You can basically borrow the themes that they’re posting.
I like this autumn color theme that Alex has posted. I clicked on it to open the document and clicked the Copy icon.
I’ll be prompted to duplicate this and enter a name for it. I clicked on Save to save it to my personal document library.
One of the cool things about this is it will show you not just the colors that the designer used, but the way they got to it.
If you have a screen capture tool like Snagit, you can take a snapshot of the picture that the designer used to create this.
The one thing that is currently missing in Analyst Hub is an easy way to get these colors into a JSON file for your theme. Sam and his development team are working on this.
In the meantime, the Just Color Picker tool that I referred to in the wrangling video lets you easily put that into a JSON file. Let’s open this color picker, which we use to snap the colors right into the picker list.
Once I have all the hex codes in the theme, I’ll close this up. This will automatically create a text file called jcpicker. If we go to the desktop, we can open that jcpicker file and see that the hex codes are not in the right format.
I used Control A, clicked on Edit, and Replace. Then I replaced the spaces with nothing.
I copied these codes and went back to the external tools menu in Power BI. Then I go to the Power BI Tips themes tool and enter the multiple hex codes.

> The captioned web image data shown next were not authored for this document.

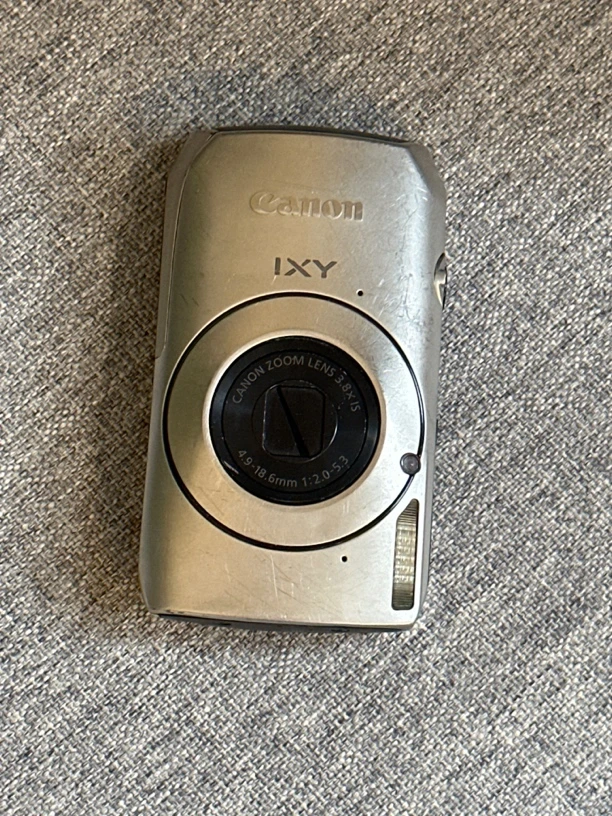 9新 Canon/佳能 佳能ixus300 1000万像素 镜头帘瑕疵下单no退no换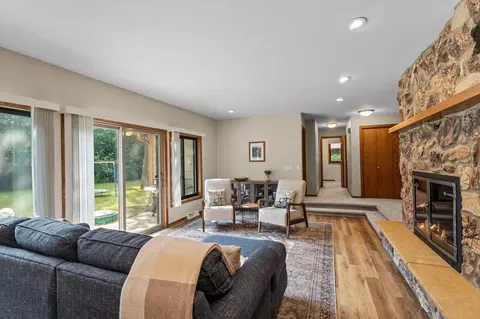 Living - 3096 Dolores Dr, Saint Cloud, MN 56303 photo 3 of 7
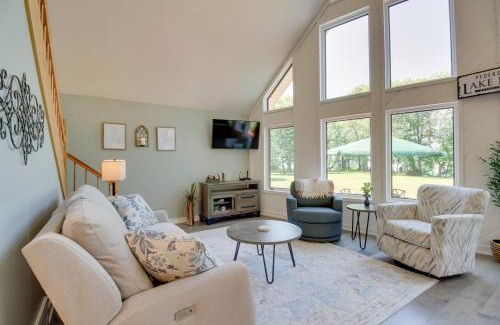 Sunburg House | Lakefront Sunburg Vacation Rental with Boat Dock!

Once I click on Add, I already have the palette from Alex’s autumn theme in there.
I think the palette looks great as it is, but if you want to add another color, you can choose one and click Add, and then it will be added to the palette.
We can already download this theme now, but we can go even further with this tool. If we click on Properties, you’ll see that this tool has a fully-fledged JSON editor. If we click on the bar chart, we can see all the properties for that bar chart.

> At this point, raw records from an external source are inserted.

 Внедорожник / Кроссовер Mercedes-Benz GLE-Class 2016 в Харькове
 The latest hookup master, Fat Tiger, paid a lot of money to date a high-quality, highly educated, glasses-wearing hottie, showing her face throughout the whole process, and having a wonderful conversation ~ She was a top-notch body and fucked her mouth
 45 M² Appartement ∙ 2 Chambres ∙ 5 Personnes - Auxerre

We can set the legend color, the dimensions of the X and Y axis, and much more.
But for now, let’s go in and select our data colors. We’ll also turn on the title and select a background color for that.
And then we’ll change the font size and font. This is just to give you an idea of all the different dimensions you can change using this tool.
If we click on Download Theme, we’ll be asked to name this file.
Let’s put a name here, go back to Power BI, click on the View tab, and then browse themes.
We can pull up the theme that we just created out of the download directory.
We can see that it imports properly.
It uses white for one of the data colors, so we’ll need to change that.
You can see that we have the dimensions of the title that we created. This looks a lot better than what we had before.
We can go through the JSON editor and change all the dimensions in the Power BI Tips theme. So any bar chart we create in the course of this report is going to have those dimensions, which we can use across other reports as well.
The Analyst Hub is a great way for you to improve your design capabilities and to leverage the expertise of some of the best designers out there.